You should note that list actions should not be used in production (they're really expensive operations). But they are useful for development, investigations, or for running occasional analytics at off-peak hours.

Conditional requests

It is possible to use conditional requests with Riak, but these are fragile due to the nature of its availability/eventual consistency model.

GET

When retrieving values from Riak via HTTP, a last-modified timestamp and an ETag are included.

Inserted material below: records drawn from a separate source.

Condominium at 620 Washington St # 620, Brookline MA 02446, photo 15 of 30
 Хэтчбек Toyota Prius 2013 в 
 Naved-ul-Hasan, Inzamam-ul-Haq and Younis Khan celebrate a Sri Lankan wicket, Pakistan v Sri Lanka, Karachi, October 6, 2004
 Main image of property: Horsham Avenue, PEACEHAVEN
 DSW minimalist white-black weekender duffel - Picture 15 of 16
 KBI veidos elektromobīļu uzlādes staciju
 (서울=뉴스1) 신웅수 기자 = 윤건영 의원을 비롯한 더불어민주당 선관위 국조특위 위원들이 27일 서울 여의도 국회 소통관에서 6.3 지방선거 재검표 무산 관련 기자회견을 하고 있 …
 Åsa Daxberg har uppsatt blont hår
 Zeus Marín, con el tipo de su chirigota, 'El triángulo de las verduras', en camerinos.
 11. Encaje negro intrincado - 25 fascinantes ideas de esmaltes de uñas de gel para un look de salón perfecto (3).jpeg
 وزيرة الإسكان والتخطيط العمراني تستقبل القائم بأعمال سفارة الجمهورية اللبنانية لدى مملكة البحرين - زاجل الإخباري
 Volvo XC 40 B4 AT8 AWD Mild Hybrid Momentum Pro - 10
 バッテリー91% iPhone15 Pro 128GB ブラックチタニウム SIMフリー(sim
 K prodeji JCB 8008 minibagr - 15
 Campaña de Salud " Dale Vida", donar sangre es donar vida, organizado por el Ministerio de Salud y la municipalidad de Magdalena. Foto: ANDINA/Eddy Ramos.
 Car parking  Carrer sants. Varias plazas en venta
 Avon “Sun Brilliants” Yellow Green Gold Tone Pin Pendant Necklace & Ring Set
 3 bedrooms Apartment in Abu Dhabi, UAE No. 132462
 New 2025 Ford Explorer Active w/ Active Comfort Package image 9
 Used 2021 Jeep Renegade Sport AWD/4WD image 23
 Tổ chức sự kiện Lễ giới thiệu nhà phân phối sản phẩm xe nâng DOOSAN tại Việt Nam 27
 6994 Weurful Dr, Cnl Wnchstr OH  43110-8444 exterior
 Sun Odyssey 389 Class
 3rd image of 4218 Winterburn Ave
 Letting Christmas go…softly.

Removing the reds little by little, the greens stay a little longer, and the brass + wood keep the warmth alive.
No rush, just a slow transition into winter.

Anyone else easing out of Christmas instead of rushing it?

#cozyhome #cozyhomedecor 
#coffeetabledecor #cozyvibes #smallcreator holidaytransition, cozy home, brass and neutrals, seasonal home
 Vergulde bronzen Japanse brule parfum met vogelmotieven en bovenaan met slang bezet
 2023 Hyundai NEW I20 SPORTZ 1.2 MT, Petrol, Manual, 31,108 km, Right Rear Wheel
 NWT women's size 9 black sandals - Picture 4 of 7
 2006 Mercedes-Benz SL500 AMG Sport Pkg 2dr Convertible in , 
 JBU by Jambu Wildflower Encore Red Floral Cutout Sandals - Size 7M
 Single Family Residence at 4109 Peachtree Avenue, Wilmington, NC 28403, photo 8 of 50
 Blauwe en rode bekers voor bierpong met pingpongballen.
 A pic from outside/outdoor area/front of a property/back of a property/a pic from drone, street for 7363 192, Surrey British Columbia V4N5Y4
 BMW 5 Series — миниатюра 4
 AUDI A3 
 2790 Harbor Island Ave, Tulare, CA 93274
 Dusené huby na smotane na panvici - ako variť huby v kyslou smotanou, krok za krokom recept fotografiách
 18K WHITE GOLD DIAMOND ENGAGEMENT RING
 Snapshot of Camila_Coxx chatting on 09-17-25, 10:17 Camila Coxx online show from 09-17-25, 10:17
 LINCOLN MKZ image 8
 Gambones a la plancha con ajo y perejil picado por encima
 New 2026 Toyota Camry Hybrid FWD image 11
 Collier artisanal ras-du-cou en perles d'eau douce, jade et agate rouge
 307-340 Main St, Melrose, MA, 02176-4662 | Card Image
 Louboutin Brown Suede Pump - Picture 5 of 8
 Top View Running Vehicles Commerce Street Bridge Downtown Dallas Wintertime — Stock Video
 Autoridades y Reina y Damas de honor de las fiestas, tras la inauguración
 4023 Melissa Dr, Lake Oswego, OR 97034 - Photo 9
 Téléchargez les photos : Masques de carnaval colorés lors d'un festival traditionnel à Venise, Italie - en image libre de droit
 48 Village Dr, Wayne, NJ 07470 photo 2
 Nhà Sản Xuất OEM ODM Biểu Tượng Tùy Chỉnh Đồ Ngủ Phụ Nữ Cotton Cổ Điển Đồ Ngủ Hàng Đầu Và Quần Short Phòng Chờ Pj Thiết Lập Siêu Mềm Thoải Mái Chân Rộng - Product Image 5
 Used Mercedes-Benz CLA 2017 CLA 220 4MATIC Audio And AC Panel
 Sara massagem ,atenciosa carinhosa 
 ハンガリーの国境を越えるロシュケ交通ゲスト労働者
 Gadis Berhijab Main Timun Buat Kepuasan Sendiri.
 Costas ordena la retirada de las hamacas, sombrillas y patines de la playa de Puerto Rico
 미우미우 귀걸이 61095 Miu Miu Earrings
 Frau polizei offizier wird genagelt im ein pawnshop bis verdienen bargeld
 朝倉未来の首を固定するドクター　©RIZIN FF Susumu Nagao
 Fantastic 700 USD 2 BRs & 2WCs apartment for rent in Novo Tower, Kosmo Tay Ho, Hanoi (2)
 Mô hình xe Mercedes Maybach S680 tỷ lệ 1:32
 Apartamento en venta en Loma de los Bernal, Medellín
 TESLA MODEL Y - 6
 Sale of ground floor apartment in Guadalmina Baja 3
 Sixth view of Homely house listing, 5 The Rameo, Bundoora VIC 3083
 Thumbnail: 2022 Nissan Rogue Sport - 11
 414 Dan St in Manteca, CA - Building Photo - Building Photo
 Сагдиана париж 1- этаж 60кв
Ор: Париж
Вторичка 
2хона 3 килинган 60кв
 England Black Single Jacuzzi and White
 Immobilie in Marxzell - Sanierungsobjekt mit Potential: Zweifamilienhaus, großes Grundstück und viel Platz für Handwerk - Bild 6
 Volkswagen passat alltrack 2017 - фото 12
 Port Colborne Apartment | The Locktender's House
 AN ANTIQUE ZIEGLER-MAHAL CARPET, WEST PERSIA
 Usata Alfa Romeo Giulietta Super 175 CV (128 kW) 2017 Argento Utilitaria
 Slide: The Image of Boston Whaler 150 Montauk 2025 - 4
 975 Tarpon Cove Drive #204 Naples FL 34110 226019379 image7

These may be used for future GET requests; if the value has not changed, a 304 Not Modified status will be returned.

For example, let's assume you receive the following headers.

Last-Modified: Thu, 17 Jul 2014 21:01:16 GMT
ETag: "3VhRP0vnXbk5NjZllr0dDE"

Note that the quotes are part of the ETag.

If the ETag is used via the If-None-Match header in the next request:

curl -i "$RIAK/types/default/buckets/food/keys/dinner" \
  -H 'If-None-Match: "3VhRP0vnXbk5NjZllr0dDE"'
HTTP/1.1 304 Not Modified
Vary: Accept-Encoding
Server: MochiWeb/1.1 WebMachine/1.10.5 (jokes are better explained)
ETag: "3VhRP0vnXbk5NjZllr0dDE"
Date: Mon, 28 Jul 2014 19:48:13 GMT

Similarly, the last-modified timestamp may be used with If-Modified-Since:

curl -i "$RIAK/types/default/buckets/food/keys/dinner" \
  -H 'If-Modified-Since: Thu, 17 Jul 2014 21:01:16 GMT'
HTTP/1.1 304 Not Modified
Vary: Accept-Encoding
Server: MochiWeb/1.1 WebMachine/1.10.5 (jokes are better explained)
ETag: "3VhRP0vnXbk5NjZllr0dDE"
Date: Mon, 28 Jul 2014 19:51:39 GMT

PUT & DELETE

When adding, updating, or removing content, the HTTP headers If-None-Match, If-Match, If-Modified-Since, and If-Unmodified-Since can be used to specify ETags and timestamps.

If the specified condition cannot be met, a 412 Precondition Failed status will be the result.